SRS® Genetics chairman Norm Smith said the medal acknowledged Jim’s legacy and recognised the continuation of his work with the nominees demonstrating a substantial contribution to SRS® breeding and genetics, passion, drive, integrity, and ability to teach others.

“Working in a marginal environment of western Queensland, Mrs Axford has been instrumental in driving the goals and aspirations of Dr Watts and SRS® Genetics in commercial flocks for over two decades,” Mr Smith said.

“Dr Watts inspired Jodi in the early 2000s to seek the SRS® vision, knowledge and understanding.”

Jodi and her husband Shane Axford operate a commercial sheep breeding and trading enterprise on the 11,900ha Goolma Station at Winton.

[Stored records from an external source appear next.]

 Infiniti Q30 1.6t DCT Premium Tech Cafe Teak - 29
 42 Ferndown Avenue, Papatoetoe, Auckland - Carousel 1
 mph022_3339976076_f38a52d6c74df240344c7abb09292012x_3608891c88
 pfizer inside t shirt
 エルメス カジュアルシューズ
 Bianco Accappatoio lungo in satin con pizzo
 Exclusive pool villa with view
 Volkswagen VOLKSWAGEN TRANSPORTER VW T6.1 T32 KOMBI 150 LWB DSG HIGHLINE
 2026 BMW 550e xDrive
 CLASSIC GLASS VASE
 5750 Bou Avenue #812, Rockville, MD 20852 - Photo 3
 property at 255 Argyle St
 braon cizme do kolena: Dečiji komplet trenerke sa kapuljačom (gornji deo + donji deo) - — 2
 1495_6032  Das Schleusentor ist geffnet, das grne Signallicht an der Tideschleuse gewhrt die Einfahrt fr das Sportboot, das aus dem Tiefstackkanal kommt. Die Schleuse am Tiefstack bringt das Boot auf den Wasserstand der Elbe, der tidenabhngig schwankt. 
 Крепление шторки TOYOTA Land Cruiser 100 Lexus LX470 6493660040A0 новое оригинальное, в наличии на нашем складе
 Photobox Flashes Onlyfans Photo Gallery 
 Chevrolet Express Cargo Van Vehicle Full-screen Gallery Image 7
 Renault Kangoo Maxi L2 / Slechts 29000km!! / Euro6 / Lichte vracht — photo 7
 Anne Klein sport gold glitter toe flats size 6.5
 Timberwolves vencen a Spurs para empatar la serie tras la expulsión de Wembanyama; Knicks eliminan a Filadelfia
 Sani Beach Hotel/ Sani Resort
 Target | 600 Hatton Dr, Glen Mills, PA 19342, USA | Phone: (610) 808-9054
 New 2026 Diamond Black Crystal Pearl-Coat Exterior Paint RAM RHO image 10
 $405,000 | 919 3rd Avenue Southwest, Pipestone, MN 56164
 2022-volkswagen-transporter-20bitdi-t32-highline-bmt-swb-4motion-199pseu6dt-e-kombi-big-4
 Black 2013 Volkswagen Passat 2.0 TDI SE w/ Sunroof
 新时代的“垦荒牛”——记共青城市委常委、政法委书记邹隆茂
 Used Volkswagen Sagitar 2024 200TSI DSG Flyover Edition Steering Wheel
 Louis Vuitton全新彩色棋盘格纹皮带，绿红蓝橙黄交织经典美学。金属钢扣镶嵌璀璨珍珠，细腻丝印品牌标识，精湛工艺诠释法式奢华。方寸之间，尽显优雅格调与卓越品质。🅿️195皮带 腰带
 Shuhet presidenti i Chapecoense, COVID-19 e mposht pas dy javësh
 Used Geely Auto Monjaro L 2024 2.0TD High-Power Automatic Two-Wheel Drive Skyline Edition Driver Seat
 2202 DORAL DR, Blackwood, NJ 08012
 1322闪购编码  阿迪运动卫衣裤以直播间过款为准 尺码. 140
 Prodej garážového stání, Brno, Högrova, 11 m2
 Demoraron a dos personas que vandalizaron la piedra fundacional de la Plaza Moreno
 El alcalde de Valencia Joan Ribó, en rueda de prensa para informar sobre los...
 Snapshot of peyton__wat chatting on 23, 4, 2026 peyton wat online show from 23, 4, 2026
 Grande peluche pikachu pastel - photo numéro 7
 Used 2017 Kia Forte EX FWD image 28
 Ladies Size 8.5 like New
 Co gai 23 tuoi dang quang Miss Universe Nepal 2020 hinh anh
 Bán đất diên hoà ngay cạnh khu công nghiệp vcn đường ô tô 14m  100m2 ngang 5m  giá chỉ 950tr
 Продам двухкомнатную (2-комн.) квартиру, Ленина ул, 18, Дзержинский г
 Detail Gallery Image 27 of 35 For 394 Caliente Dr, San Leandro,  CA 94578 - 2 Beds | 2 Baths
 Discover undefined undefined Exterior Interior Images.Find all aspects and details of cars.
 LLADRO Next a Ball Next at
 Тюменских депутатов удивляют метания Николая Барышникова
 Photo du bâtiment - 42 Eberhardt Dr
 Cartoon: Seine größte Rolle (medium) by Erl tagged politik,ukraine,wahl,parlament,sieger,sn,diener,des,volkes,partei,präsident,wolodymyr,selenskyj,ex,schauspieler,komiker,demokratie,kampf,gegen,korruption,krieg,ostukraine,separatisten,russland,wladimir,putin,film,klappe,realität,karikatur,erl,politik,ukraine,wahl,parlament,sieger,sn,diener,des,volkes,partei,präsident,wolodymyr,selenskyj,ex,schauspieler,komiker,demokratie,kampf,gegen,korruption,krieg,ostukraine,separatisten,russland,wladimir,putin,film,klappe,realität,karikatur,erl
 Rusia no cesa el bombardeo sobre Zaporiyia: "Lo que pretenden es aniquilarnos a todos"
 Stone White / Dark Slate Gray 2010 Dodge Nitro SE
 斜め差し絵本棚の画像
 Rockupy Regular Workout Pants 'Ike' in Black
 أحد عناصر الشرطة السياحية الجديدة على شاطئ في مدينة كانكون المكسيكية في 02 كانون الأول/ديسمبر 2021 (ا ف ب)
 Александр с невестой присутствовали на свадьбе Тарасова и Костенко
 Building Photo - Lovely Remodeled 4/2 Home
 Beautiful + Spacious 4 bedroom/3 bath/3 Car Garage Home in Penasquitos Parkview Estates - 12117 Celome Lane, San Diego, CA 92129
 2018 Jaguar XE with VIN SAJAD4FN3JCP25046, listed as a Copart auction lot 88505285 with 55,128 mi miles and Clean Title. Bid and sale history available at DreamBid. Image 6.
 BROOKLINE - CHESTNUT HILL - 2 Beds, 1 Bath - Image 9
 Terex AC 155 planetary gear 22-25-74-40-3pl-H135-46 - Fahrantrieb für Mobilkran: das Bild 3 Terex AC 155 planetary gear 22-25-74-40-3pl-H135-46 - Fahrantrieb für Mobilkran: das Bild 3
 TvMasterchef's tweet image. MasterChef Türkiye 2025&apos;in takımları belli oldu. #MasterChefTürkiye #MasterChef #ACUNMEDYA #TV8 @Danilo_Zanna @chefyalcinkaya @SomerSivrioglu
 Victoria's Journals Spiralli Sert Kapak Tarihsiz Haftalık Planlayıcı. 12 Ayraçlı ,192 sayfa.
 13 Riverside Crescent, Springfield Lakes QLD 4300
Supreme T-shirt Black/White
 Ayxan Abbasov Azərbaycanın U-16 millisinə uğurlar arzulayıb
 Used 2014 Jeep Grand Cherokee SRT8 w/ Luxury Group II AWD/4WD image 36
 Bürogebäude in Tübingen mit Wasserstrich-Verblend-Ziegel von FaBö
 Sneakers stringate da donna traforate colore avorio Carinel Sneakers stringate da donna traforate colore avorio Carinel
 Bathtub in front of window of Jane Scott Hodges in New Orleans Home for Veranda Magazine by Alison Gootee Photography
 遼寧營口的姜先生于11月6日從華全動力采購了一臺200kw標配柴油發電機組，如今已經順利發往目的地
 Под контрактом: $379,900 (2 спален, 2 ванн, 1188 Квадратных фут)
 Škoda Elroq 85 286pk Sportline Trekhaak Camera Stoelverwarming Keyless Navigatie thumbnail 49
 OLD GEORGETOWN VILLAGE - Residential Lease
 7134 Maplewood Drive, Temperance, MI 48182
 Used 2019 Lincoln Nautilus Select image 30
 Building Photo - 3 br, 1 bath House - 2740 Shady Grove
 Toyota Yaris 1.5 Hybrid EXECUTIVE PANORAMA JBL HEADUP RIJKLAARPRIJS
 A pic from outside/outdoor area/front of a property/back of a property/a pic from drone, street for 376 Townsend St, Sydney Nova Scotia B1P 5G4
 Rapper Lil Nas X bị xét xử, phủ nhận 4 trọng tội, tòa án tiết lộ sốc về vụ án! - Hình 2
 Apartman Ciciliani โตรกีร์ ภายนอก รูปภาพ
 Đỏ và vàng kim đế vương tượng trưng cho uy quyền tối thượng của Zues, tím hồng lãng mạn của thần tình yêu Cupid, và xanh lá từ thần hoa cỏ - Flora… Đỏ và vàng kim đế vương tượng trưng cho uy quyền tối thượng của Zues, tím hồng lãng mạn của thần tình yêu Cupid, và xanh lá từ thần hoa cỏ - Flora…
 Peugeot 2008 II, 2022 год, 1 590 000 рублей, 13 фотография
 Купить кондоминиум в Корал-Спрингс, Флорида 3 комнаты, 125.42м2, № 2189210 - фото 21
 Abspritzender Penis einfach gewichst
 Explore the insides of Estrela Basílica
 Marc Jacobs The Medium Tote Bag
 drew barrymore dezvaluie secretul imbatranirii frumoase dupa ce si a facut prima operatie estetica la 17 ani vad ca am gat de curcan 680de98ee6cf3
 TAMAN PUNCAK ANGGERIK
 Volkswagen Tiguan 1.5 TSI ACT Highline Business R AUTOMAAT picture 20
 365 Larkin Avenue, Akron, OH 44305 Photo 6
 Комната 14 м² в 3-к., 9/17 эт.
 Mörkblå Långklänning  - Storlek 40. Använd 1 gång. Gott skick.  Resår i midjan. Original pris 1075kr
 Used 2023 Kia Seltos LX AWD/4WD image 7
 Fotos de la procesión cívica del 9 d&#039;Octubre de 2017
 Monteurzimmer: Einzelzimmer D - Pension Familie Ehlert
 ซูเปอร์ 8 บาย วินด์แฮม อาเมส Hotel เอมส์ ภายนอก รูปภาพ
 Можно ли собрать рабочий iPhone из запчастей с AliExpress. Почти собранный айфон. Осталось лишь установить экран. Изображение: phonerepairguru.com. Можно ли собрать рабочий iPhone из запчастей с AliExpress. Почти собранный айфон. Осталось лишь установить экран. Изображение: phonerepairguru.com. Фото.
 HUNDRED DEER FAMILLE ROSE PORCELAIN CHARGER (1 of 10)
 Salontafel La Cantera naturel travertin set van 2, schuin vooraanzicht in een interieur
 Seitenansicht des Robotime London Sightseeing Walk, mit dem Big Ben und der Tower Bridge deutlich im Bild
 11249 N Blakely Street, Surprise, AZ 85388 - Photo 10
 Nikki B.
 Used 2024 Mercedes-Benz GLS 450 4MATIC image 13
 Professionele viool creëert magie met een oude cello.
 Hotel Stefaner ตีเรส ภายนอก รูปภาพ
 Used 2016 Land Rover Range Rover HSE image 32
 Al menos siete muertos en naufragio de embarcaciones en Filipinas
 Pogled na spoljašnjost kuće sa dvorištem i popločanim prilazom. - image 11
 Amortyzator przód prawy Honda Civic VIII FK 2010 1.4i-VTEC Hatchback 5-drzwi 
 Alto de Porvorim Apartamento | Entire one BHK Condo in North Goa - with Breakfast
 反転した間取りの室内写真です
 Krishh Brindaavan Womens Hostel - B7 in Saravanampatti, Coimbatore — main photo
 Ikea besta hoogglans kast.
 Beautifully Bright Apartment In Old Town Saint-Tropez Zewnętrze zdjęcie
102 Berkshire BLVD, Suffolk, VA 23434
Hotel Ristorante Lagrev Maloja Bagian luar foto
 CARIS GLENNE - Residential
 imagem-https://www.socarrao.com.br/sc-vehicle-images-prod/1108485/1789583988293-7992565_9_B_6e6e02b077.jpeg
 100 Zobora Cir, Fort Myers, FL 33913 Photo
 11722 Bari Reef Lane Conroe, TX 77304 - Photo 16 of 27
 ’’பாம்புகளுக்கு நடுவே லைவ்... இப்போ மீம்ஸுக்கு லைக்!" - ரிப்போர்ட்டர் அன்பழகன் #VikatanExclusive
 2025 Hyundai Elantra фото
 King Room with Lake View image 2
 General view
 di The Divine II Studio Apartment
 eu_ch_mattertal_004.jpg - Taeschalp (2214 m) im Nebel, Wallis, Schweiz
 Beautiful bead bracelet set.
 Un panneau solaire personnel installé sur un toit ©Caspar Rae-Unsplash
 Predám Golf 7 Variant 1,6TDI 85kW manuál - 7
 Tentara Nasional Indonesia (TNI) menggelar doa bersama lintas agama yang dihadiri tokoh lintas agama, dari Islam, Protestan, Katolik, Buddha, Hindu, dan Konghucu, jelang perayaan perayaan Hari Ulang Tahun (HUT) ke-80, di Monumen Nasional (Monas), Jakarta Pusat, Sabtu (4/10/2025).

The 2023 Dr Jim Watts Memorial Medal winner Vicki Murphy said Jodi’s passion and dedication inspired sheep producers in her area, and other Merino breeders to utilise SRS® breeding principles to lift productivity.

“Jodi has a wealth of knowledge from operating the wool selling business in Winton, a shearing contracting business in central western Queensland, running the wool section at the local show and is also a qualified wool classer,” Mrs Murphy said.

“Jodi and Shane have continued to pursue his goals and breeding techniques in their commercial flock whilst showing other wool growers the way.”

Jodi regularly steps up to help within her community, acting in the past as the chief steward in the wool section at the Winton show.

The couple has hosted shearing, wool handling, and Bred Well Fed Well workshops at Goolma Station.

They were thrilled when Dr Watts began classing their flock in 2012 and considered him to be generous with his knowledge and time.

Originally from Geelong, Jodi came to love sheep while working in shearing sheds in Queensland in the 1990s and became a qualified wool classer.

“Shane and I bought a starter block and six different mobs of ewes, including a flock in transition to the SRS® principles,” she said.

They were able to cease mulesing in 2009, and now join between 3000 and 4000 ewes annually with an aim to build to a “sweet spot” of 10,000 sheep.

Located in a 300mm rainfall zone, the flock grazes native pastures with the back-up of irrigated hay production for drier seasons.

“For us, SRS® gave us a science backed blueprint to follow to achieve an easy-care Merino – we realised in our marginal country selection for positive fat and eye muscle was linked to survivability and retaining more lambs at weaning,” Jodi said.

“I always say judge us by our actions. If people are interested, they can come and ask, and we will happily share the knowledge. With young people we are always happy to encourage them into the sheep industry and pass on our skills.

“The SRS® sheep are a pleasure to manage and run – we don’t have to worry about mulesing and there is rarely any flystrike, they are fertile and good mothers, are plain bodied, have a soft rolling skin and an open breach.”

The flock’s adult ewe average micron is 19.5 with a 4.8kg average fleece weight and lambs marked at 99 per cent, including the maidens, to ewes joined.

“The non-mulesed status certainly adds value and the SRS® wools present well when marketing. I am happy with the style, crimp and comfort factor and I understand what type of skins are needed to achieve that sort of wool,” Jodi said.

“When it comes to selection for fat and eye muscle, we know our weaner wethers will be a good weight, shape and dressing percentage for the buyer or processor.”